Okay. That's very helpful. And just on the second theme, you have gotten a lot of cash this quarter. And as you said in the report, you put part of that cash to good use by paying down the second lien. But you're still -- even with those paydowns, you're building your cash position quite meaningful here. And then you're saying that you could pay down more debt. Do you use it as a part of a broader refinancing, et cetera? Are you looking at other options with that cash? And as to some question to the potential debt repay down or further debt repay down, would it be so that if you were to pay down more debt, you would have to go for the first lien now? Have you kind of exhausted the second lien pockets on the voluntary side?
Yes. As you say, Fredrik, I mean we're nearly net debt neutral now, but we could benefit from paying a bit more down on the second lien. As you know, that's got the higher coupon on it. So it's the most attractive for us to deal with in the near term. But we want to have an efficient balance sheet as well. But let me pass to Grant because he's actively engaged in looking at these options right now.
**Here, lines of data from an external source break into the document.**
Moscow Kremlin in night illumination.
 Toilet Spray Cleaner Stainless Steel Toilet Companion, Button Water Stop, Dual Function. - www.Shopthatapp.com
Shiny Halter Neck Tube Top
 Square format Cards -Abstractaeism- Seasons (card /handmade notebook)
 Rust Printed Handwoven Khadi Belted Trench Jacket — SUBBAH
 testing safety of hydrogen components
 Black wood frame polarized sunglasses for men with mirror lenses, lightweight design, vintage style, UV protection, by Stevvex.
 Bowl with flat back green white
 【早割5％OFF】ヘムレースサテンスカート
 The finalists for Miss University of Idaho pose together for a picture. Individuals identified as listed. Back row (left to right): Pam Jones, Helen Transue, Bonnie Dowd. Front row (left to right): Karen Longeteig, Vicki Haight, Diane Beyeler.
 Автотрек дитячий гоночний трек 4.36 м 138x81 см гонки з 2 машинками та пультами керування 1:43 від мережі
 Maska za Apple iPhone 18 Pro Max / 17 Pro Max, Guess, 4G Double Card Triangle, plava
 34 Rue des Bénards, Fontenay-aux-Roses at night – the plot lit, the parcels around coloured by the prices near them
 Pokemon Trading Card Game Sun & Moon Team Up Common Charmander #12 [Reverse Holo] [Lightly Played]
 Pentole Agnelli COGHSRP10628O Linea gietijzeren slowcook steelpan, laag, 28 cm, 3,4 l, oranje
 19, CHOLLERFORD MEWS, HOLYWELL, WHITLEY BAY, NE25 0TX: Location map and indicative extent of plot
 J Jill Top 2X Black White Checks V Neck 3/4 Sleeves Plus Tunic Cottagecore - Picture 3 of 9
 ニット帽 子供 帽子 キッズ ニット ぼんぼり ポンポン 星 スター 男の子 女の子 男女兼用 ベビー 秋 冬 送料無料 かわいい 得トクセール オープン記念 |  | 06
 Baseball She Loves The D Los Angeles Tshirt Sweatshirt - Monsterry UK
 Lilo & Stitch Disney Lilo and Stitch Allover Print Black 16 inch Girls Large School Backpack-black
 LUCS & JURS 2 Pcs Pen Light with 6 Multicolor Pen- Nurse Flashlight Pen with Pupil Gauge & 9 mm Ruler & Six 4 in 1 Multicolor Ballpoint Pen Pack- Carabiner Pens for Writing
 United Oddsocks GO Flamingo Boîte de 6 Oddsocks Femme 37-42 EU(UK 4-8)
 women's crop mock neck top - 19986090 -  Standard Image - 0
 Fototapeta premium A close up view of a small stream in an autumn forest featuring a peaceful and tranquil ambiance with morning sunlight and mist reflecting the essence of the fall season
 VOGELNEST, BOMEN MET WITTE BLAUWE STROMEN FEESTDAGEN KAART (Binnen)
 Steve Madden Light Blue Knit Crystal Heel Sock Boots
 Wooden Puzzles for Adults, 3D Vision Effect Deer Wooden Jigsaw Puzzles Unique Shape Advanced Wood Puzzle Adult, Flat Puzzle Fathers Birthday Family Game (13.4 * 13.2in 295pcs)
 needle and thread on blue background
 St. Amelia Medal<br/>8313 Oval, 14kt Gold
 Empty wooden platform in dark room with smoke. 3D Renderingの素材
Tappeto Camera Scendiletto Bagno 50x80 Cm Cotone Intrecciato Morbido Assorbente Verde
Yes. And look, there's nothing definitive we can say right now. We are reviewing all of our options and you touched on whether the further voluntary repayments will be applied to the first lien. There are certain restrictions in the loan documents, which govern which facility gets paid down. It depends on variables or circumstances at the time of making that payment. So we can't say definitively right now. But that is something that we do consider. But then equally, the alternative options are just a broader refinancing and taking out either the second lien or the first and second, we're considering all of the above.
[Operator Instructions] At this time, we have no questions in the queue. [Operator Instructions] At this time, we have no further questions, so this concludes our call. Thank you, everyone, for joining us today. You may now disconnect your lines.